Coulson, an expert in modeling sea level change and crustal deformation associated with melting ice sheets and glaciers, was visiting family in the U.K. when the data sets hit her inbox. She immediately recognized the potential, she said.
Coulson quickly collected three decades worth of the best observations she could find on ice height change within the Greenland Ice Sheet as well as reconstructions of glacier height change across the Canadian Arctic and Iceland. She combined these different data sets to create predictions for the region from 1993 to 2019, which she then compared with the new satellite data. The fit was perfect: a one-to-one match that showed with more than 99.9 percent confidence that the pattern of sea level change revealed by the satellites is a fingerprint of the melting ice sheet.
“I was completely amazed. There it was — a sea level fingerprint, proof of their existence,” Coulson said. “This was a really, really exciting moment for all of us.
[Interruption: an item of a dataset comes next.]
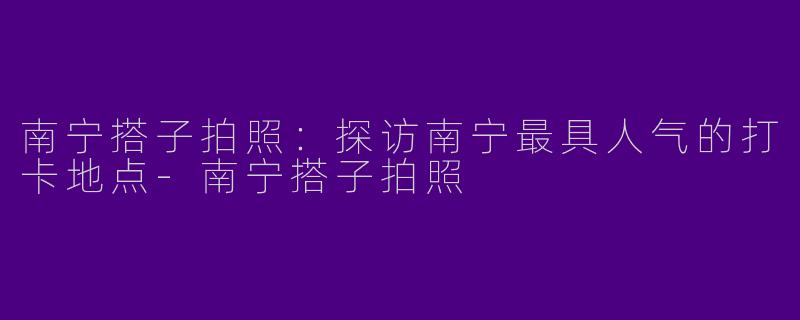 南宁搭子拍照：探访南宁最具人气的打卡地点-南宁搭子拍照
There are very few moments in science which provide such simple, remarkable clarity on complex Earth processes.”
“This work, led so remarkably by Sophie, is one of the highlights of my career, a bookend to all the theoretical and computational work we’ve built with a community of international colleagues,” added Mitrovica, whose group was the first to present models and predictions of what sea level fingerprints should look like.
In scientific research it usually takes years to develop results and then draft a paper, but here the researchers were able to act quickly. In total, the process took only a few months from when they saw the satellite data to when they submitted the piece.
That’s because much of the theory, technology, and methods had already been well developed and refined since Mitrovica and his team presented their work on sea level fingerprints about 20 years ago — computations that were widely accepted and have been factored into almost all models predicting sea level rise.
Now that the first sea level fingerprint has been detected, the question with the biggest global implications is where it all leads.
“More detections will come,” Mitrovica said. “Soon the full power of fingerprint physics will be available to project sea level changes into the next decade, century, and beyond.”
This work was partially supported by the Star-Friedman Challenge for Promising Scientific Research, the John D. and Catherine T. MacArthur Foundation, and the Los Alamos National Laboratory Director’s Postdoctoral Fellows Program.